I tried 1v1 again. I lost horribly several times before getting frustrated and quitting.
Putting it in Perspective
Why does this all matter? Why should you care what my Starcraft 2 experience was like or where I ranked? Well, back in 1998-2000 I played the original Starcraft semi-religiously. I wasn’t bad at it. Since then, I’ve been playing video games in general for my entire life, including my fair share of real-time strategy games. I am not new to any of this. With all of that in mind, I was frequently obliterated in multiplayer, especially in 1v1 matches. The competition out there is not just insane, it’s downright asinine at times.
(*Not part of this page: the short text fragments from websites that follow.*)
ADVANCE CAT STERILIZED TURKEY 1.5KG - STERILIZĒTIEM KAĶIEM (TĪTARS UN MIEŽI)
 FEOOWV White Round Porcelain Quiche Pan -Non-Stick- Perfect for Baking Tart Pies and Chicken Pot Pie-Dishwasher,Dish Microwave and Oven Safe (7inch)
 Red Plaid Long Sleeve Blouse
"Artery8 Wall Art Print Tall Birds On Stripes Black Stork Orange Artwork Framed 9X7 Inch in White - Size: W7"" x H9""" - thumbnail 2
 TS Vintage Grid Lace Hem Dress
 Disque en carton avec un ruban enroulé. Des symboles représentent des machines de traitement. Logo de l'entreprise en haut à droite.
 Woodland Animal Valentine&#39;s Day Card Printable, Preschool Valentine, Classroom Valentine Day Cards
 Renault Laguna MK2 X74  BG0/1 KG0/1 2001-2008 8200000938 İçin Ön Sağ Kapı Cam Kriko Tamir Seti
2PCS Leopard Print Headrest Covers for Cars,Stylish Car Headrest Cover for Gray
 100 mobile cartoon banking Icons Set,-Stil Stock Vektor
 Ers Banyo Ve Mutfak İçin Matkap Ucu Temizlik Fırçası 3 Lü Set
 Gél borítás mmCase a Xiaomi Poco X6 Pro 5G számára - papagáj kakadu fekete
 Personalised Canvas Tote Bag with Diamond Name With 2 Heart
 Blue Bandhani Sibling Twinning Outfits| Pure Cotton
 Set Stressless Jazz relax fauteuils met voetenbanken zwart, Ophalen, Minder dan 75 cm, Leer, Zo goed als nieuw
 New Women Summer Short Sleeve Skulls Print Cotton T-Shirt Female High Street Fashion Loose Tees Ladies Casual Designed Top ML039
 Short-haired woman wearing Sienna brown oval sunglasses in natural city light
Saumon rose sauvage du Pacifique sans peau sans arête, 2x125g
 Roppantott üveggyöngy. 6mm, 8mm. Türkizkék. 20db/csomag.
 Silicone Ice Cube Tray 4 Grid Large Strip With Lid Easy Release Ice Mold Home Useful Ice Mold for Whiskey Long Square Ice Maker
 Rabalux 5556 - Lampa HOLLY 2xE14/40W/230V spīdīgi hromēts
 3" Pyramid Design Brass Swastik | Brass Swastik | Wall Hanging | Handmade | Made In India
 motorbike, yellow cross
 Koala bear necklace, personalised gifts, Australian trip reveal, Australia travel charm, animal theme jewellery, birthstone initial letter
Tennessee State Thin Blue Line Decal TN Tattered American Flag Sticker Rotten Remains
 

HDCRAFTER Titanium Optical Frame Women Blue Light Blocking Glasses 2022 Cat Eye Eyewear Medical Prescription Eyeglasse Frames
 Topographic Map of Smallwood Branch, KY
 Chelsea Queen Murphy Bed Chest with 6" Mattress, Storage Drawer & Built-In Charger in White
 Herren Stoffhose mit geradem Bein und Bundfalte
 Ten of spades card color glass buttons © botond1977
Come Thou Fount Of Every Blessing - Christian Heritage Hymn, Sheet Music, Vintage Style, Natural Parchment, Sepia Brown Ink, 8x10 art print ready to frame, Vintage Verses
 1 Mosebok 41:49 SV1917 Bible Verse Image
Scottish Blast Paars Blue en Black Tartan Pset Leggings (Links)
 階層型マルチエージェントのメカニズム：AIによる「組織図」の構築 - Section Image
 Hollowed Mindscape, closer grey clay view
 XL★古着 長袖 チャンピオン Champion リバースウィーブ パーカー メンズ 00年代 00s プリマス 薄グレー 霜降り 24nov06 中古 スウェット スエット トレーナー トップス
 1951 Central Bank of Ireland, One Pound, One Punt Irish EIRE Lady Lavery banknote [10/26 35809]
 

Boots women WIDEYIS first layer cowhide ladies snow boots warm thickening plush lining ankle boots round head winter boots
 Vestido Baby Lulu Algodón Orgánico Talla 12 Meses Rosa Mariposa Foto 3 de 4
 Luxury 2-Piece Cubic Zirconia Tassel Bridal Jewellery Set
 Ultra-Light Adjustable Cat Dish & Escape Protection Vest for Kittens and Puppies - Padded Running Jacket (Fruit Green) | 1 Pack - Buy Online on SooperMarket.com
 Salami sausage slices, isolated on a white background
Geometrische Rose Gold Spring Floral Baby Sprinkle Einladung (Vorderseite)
With team play, you have margins for error and creativity; no match is the same twice and it’s always anyone’s game until one side absolutely decisively wins it. In one on one multiplayer, if you make a mistake, you’re done. If you don’t build your units and structures perfectly in the first three minutes of play, it’s over. If you forget to scout or build too many workers or forget to research or don’t adequately counter your opponent’s strategy with the ideal counter, you lose. It’s a brutal battlefield that’s suited to hardcore strategy enthusiasts and people that like to feel like automatons while playing games and it is absolutely unforgiving to new or casual players. If you are buying Starcraft 2 for the multiplayer, this is something that you absolutely must know, especially if you are new to Starcraft or to real-time strategy.
Now if you’re buying Starcraft 2: Wings of Liberty for the single player experience, carry on completely unabated. The single player campaign is as close to perfect as I have ever experienced in a real-time strategy game, with logical mission progression, enough challenge (through variable settings) to keep players of all skill levels coming back for more, and enough diversity to stay interesting up through the very end. The storyline feels like a high budget science fiction action movie, too, and you’ll often find yourself involved and motivated to keep going for just one more mission.
Starcraft 2: Wings of Liberty was reviewed with a promotional copy given to DigitalReviews.net for reviewing purposes. I completed the single player campaign on normal difficulty and spent two weeks on 1v1, 2v2, 3v3, and 4v4 human multiplayer modes, ranking Silver in the first three and Gold in 4v4, and several games on cooperative (versus computer) 2v2 and 3v3 modes. Starcraft 2: Wings of Liberty is published by Blizzard and is available now for an MSRP of $59.99.